* _TASK GOAL_:
In the records that follow, find each line with "Guide" and pull it out.

--- DATA TO EXAMINE Enclosed Below ---

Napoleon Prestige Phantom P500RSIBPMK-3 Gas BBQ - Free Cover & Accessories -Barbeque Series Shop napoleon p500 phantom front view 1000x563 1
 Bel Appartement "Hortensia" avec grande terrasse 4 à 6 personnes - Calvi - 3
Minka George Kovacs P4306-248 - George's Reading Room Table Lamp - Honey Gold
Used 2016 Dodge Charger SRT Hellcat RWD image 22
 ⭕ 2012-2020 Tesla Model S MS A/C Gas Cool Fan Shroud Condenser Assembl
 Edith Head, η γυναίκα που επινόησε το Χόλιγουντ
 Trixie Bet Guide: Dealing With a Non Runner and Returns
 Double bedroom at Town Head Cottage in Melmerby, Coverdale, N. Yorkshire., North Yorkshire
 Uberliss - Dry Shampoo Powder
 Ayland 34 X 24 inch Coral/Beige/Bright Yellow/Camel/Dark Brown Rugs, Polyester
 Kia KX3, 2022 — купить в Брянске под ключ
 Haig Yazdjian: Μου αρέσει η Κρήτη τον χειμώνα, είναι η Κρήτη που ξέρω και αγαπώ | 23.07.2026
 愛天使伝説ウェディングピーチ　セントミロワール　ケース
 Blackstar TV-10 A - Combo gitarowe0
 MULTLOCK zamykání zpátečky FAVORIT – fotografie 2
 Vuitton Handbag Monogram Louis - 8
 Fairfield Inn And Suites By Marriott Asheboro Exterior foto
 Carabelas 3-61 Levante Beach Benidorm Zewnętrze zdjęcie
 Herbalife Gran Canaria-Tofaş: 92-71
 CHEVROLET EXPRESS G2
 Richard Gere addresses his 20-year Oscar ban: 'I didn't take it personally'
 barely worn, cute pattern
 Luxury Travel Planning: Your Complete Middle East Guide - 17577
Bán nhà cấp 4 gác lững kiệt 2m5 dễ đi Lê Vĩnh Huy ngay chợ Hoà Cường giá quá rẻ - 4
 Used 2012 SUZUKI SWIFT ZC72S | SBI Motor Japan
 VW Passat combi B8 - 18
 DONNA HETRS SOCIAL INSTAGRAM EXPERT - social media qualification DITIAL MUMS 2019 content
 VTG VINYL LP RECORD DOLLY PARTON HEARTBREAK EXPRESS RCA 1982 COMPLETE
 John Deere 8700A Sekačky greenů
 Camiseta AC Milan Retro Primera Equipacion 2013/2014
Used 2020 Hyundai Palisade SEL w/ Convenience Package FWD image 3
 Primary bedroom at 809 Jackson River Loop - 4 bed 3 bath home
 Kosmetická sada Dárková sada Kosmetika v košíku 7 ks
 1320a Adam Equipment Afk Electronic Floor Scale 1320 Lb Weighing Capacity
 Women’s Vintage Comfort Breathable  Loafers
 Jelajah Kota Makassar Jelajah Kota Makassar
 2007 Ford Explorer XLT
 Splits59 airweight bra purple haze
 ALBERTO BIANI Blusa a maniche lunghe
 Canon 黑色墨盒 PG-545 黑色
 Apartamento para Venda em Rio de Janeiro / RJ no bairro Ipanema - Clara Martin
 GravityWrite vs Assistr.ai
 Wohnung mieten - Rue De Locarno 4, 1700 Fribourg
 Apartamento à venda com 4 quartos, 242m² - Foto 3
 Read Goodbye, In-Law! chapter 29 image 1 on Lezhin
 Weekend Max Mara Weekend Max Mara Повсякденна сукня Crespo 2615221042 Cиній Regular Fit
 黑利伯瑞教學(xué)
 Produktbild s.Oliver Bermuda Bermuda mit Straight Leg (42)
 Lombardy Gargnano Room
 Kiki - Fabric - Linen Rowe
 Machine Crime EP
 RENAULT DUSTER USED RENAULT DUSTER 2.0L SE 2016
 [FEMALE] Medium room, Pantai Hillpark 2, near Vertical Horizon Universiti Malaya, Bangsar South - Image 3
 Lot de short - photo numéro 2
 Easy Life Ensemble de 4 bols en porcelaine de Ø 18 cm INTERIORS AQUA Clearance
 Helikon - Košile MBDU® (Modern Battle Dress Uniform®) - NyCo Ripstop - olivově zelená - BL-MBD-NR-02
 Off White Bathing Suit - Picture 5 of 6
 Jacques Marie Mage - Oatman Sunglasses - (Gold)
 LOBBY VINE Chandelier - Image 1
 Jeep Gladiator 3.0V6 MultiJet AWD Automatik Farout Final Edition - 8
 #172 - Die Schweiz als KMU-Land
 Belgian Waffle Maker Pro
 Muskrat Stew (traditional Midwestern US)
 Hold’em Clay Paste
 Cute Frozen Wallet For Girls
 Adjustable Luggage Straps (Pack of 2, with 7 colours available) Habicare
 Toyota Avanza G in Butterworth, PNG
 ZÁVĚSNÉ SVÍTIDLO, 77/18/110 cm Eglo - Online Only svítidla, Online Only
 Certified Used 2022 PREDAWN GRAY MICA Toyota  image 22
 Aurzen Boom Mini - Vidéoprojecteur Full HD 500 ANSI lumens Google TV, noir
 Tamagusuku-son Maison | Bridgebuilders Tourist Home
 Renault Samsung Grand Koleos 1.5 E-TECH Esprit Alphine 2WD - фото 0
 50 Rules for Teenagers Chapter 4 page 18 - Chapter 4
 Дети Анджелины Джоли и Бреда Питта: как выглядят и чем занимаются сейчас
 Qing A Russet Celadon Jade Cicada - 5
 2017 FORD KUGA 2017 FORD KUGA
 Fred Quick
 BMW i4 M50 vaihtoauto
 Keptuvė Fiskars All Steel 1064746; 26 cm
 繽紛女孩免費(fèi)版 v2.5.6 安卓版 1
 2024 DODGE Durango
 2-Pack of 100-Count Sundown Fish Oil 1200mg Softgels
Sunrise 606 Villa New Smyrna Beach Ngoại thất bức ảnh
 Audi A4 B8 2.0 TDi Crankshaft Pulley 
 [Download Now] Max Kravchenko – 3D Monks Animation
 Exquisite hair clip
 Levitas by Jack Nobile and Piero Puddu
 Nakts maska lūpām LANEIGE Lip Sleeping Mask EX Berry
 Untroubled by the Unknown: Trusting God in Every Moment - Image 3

--- End of Enclosed DATA TO EXAMINE ---

* _EXERCISE OUTPUT_:
 Trixie Bet Guide: Dealing With a Non Runner and Returns
 Luxury Travel Planning: Your Complete Middle East Guide - 17577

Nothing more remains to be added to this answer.